L'objectif est le même que celui du Blue Stream et du Nord Stream : éviter l'Ukraine. Dénommé South Stream, ce gazoduc de 2 380 km (dont 930 km sous la mer Noire) espère voir les deux premières de ses quatre lignes entrer en service en 2016 (31,5 Gm3/an). S'il atteint sa capacité totale de 63 Gm3/an (vers 2019), le transit ukrainien du gaz russe risque de tomber complètement dans la trappe de l'Histoire.

Mais on ne voit pas comment l'Ukraine, elle, pourra se passer de Moscou, qui lui fournit 55 % à 65 % du gaz qu'elle consomme (soit 30 à 35 Gm3/an sur un total de 50 à 55 Gm3) et les deux tiers de son pétrole (200 000 b/j sur un total de 300 000 b/j). En effet, on n'imagine pas les sociétés occidentales lui fournir du gaz à un prix inférieur à celui de Gazprom. D'ailleurs, des infrastructures coûteuses, exigeant plusieurs années, devront être mises en place. Et puis, d'où viendra le gaz en dernier ressort : de Russie ?

Ces dures réalités s'imposeront aux Ukrainiens, quels que soient leurs dirigeants. L'UE a promis au nouveau pouvoir un prêt de 10,9 milliards d'euros, le FMI 10,9 milliards d'euros et les Etats-Unis 1 milliard de dollars, mais, à long terme, aucun d'eux ne paiera à la place de Kiev une facture de l'ordre de 8,7 milliards d'euros par an pour le gaz et de 5,8 milliards d'euros par an pour le pétrole que celui-ci devra importer.
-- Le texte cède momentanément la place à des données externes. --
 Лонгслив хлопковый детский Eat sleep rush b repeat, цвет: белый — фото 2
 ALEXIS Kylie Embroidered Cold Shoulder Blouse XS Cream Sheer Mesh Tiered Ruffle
UN SURCOÛT DE 2,18 MILLIARDS D'EUROS

L'Ukraine n'a pas d'autre choix que de s'entendre avec la Russie. Si elle redresse son économie et si elle construit des infrastructures de substitution (gaz naturel liquéfié ?), il lui faudra au moins dix ans pour pouvoir s'en passer.
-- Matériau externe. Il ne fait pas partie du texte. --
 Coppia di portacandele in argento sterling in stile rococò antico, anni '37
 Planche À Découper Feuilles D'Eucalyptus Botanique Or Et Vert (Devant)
En décembre 2013, la Russie avait consenti à accorder à l'Ukraine un prêt de 10,9 milliards d'euros et un rabais de 30 % sur le prix du gaz, qui avait donc été ramené à 195,5 euros/1 000 m3 au lieu de 295,6 euros/1 000 m3. Ce rabais devait s'appliquer pendant cinq ans, soit pour l'Ukraine une économie d'environ 2,5 milliards d'euros par an. Au total, un paquet de plus de 21,8 milliards d'euros sur cinq ans. En échange, Moscou espérait que l'Ukraine entrerait dans son union douanière, refusant l'accord d'association de l'UE.

La « révolution de Maïdan » a bouleversé ce plan. Gazprom a donc informé son client ukrainien, Naftogaz, que, à compter du 1er avril 2014, le prix du gaz passera à 268,3 euros/1 000 m3, soit, sur une année, un surcoût de 2,18 milliards d'euros ! Ce prix correspond à celui des marchés européens. Moscou montre l'addition aux Ukrainiens et à leurs soutiens occidentaux !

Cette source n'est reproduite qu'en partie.